Partners: Aalto University (PI: Prof. Ville Kyrki), LUT-University, Oulu University, GIM Oy, Sandvik Oy, Ponsse Oy, Raute Oy, Mantsinen Oy
Role: Project manager (Aalto), considerable involvement in proposal preparation, writing, and coordination
Budget: 2124k€ total, 671k€ Aalto
Period: May 2022–Apr 2024
abstract
The SANTTU project focuses on the development of systems for operators of work machines and heavy industrial machines. The aim is to simplify the control and operation of the machines with semi-autonomous operator assistance systems. This can be used to reduce the cognitive stress on the operator as well as the stress on the machine, thus extending machine life, availability, and productivity. By combining physics-based (real-time) simulation, digital twins and artificial intelligence technologies - semi-automated systems can be created. We develop a model-based, AI-assisted solution that provides collision prevention, stress reduction, improved accuracy, automation of work routines, and a human-centric user interface design.

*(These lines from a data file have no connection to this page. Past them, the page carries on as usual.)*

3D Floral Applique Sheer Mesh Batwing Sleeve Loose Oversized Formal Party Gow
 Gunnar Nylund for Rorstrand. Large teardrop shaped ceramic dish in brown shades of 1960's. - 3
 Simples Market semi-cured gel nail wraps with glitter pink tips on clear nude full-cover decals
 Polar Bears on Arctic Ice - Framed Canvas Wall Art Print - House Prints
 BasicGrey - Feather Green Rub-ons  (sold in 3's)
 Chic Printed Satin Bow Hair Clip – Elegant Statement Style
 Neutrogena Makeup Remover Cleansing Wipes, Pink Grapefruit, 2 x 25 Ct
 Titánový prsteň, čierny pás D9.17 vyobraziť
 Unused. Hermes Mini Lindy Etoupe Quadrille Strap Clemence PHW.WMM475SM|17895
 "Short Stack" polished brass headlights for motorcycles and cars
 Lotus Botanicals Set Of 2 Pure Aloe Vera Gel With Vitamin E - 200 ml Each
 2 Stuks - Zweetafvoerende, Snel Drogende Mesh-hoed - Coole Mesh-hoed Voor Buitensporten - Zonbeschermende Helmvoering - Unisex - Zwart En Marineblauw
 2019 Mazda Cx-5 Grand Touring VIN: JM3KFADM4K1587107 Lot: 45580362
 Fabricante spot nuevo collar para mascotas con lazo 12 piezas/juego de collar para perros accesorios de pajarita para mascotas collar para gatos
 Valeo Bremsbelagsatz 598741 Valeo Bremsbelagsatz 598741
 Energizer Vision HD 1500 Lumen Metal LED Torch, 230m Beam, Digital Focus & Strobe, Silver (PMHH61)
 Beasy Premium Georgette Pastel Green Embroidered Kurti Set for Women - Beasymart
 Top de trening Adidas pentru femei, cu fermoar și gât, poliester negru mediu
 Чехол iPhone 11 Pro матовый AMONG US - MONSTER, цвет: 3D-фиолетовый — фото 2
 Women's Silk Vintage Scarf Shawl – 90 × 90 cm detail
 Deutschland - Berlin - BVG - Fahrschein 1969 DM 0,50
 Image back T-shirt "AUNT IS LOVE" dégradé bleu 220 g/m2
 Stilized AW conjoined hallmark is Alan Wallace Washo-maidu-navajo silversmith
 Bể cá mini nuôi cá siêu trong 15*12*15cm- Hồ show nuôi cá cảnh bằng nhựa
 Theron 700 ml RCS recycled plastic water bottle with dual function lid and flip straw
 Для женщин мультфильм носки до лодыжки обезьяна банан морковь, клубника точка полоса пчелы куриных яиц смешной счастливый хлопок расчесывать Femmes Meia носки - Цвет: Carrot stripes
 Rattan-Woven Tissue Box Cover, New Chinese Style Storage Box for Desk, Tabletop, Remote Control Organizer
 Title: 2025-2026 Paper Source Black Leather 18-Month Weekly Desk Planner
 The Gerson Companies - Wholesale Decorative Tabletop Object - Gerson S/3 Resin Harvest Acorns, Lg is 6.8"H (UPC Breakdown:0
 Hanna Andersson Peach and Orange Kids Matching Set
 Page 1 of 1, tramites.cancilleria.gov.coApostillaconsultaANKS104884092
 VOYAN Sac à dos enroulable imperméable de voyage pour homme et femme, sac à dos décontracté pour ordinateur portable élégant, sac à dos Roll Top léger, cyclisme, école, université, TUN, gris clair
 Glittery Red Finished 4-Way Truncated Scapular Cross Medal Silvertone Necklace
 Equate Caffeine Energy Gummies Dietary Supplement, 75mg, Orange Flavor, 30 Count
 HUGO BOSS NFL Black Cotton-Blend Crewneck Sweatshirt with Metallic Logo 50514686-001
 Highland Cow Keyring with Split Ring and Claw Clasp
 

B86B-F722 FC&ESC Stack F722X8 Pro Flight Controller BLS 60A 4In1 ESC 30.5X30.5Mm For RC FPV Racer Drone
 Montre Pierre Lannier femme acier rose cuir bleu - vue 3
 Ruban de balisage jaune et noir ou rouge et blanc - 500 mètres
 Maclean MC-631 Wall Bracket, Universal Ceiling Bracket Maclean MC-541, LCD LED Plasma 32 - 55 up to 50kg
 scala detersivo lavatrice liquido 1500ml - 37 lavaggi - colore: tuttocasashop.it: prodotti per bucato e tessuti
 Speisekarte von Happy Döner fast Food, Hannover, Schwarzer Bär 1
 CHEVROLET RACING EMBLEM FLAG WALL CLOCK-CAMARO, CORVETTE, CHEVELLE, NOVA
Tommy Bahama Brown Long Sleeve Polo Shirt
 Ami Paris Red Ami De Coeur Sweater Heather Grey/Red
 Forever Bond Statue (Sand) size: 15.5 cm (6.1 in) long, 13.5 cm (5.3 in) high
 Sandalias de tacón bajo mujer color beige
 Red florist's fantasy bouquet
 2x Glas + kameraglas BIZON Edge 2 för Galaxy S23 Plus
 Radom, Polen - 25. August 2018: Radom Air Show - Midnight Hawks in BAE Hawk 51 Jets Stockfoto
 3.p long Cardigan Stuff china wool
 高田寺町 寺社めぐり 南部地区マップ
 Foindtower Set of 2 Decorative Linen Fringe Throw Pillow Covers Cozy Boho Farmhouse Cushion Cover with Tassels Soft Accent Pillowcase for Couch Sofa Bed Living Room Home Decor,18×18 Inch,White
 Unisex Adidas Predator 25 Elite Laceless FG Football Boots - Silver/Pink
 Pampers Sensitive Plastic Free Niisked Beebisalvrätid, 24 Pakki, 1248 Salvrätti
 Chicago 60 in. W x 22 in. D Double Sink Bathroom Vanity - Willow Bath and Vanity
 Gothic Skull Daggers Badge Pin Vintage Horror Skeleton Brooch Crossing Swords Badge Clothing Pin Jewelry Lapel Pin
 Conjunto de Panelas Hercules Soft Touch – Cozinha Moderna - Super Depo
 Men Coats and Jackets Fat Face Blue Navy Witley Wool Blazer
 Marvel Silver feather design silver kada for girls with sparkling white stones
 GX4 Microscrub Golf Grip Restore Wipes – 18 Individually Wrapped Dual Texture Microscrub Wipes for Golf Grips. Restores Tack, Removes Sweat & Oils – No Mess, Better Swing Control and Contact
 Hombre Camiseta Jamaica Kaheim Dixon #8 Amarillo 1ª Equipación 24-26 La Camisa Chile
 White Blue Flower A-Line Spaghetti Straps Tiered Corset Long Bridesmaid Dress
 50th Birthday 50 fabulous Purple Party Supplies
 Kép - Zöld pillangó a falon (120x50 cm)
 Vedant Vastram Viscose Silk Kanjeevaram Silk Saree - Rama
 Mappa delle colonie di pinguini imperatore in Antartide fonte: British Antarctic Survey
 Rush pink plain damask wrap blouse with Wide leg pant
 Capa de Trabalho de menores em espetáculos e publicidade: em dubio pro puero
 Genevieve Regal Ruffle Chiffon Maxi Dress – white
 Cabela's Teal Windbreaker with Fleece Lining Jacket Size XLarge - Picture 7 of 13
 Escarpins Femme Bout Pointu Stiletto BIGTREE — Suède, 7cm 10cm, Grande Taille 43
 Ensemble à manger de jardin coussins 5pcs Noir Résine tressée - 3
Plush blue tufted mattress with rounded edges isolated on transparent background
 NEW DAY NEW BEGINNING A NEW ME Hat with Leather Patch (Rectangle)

These lower the competence requirements for the efficient use of the machine, which expands the realistically targeted market, especially in fast-growing market areas.
related publications
journal articles
IJRR
Survey of maps of dynamics for mobile robots
Tomasz Piotr Kucner, Martin Magnusson, Sariah Mghames, Luigi Palmieri, Francesco Verdoja, and 6 more authors
Robotic mapping provides spatial information for autonomous agents. Depending on the tasks they seek to enable, the maps created range from simple 2D representations of the environment geometry to complex, multilayered semantic maps. This survey article is about maps of dynamics (MoDs), which store semantic information about typical motion patterns in a given environment. Some MoDs use trajectories as input, and some can be built from short, disconnected observations of motion. Robots can use MoDs, for example, for global motion planning, improved localization, or human motion prediction. Accounting for the increasing importance of maps of dynamics, we present a comprehensive survey that organizes the knowledge accumulated in the field and identifies promising directions for future work. Specifically, we introduce field-specific vocabulary, summarize existing work according to a novel taxonomy, and describe possible applications and open research problems. We conclude that the field is mature enough, and we expect that maps of dynamics will be increasingly used to improve robot performance in real-world use cases. At the same time, the field is still in a phase of rapid development where novel contributions could significantly impact this research area.
conference articles
IROS
Jointly Learning Cost and Constraints from Demonstrations for Safe Trajectory Generation
Shivam Chaubey, Francesco Verdoja, and Ville Kyrki
In 2024 IEEE/RSJ Int. Conf. on Intelligent Robots and Systems (IROS), Oct 2024
Nominated for the Best Safety, Security, and Rescue Robotics Paper award sponsored by the International Rescue System Initiative (IRSI) at the 2024 IEEE/RSJ Int. Conf. on Intelligent Robots and Systems (IROS)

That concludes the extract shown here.